他義正嚴詞地宣告:
世界妖魔害人民,
抑強扶弱我才來;
我要革除不善之王,
我要鎮壓殘暴和強橫。
格薩爾戎馬一生、征戰四方,始終把“令豪強們低頭,為受辱者撐腰”這一正義大旗高高舉起,贏得各方百姓的擁戴。他還始終高舉愛國統一的大旗,反對侵略、保衛領土完整,反對分裂、實現吐蕃的統一。在《嶺·格薩爾》的每個部本裏,格薩爾不僅英武超人,而且智慧無窮韜略非凡,是一位智勇雙全的嶺國最高統帥。他使雪域高原大大小小一百多個部落和邦國實現了統一,圓滿地完成曆史使命,為嶺國的平安吉祥和諧作出了不朽的貢獻,其輝煌戰果永世長存。
《嶺·格薩爾》史詩是藏族人民集體創作的英雄史詩,它以極其豐富的想象和浪漫主義手法生動地塑造了以嶺·格薩爾為首的上千個英雄將領,人物生動可呼之欲出,形象眾多可列隊成師;場景壯觀驚心動魄,氣勢磅礴排山倒海。史詩的內容極其豐富,不僅記述了雪域高原獨有的花鳥蟲魚及各種珍奇異獸,還記述了曆史文化和領土疆域;不僅記述了英雄誕生登位及統帥出征,還記述了天文地理人文風俗;不僅記述了英雄們降服妖魔為民除害,還記述了詩歌修養及趣聞真知;不僅記述了佛經哲理及佛本生傳,還記述了古人古事戰爭勝負;不僅記述了美麗風景及豐富資源,還記述了典型人物喜怒哀樂悲歡離合。可以說,史詩傳聞逾千年,光照人間。千百年來,嶺·格薩爾的傳說不但在廣大藏族同胞和其他民族同胞中間傳頌,而且在當今改革開放的浪潮中,日益贏得世界各國愛好史學的人們的廣泛關注和高度讚揚。在廣大藏族同胞的認知中,嶺·格薩爾崇拜為無量壽佛、觀音佛和蓮花生大士三佛一體的化身,是受白梵天王之妹白梵天母指引下凡到人間、解救六道眾生苦難的天神化身。
英國人類學家詹·喬·佛雷澤在他的名著《金枝》中提出巫術賴以建立的思想原則,可以歸納為兩個方麵:第一,“同類相生”或“果必同因”;第二,“物體一經互相接觸,在中斷實體接觸後還會繼續遠距離地互相作用”。
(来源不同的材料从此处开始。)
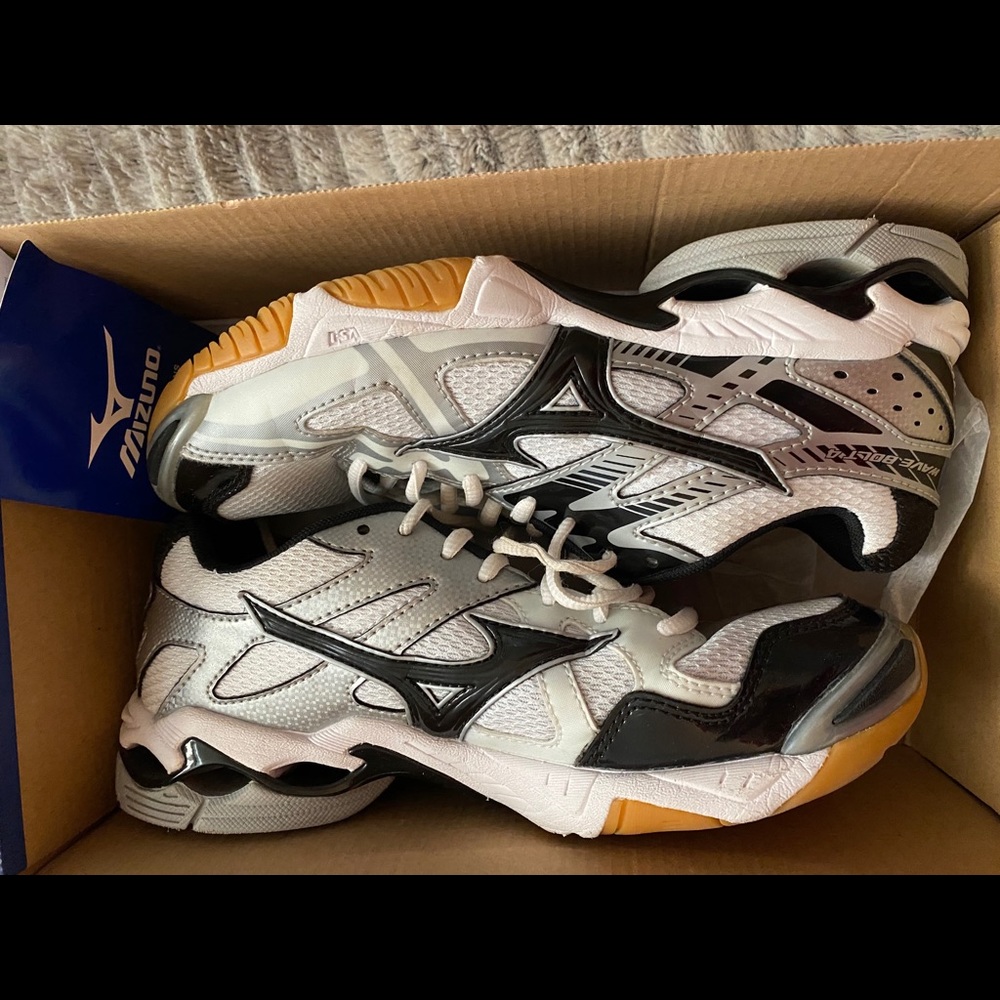 Mizuno Volleyball Shoes. Excellent condition.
前者可以稱為“相似律”,後者可以稱為“接觸律”或“觸染律”。巫師根據第一原則即“相似律”引申出,他能夠僅僅通過模仿就實現任何他想做的事;從第二個原則出發,他斷定,他能通過一個物體對一個人施加影響,隻要那個物體曾經被那個人接觸過,不論該物體是否為該人身體的一部分。基於相似律的法術叫做“順勢巫術”或“模擬巫術”。基於接觸律或觸染律的法術叫做“接觸巫術”。巫師相信他施法時所利用的原則也同樣可以支配無生命的自然界的運轉。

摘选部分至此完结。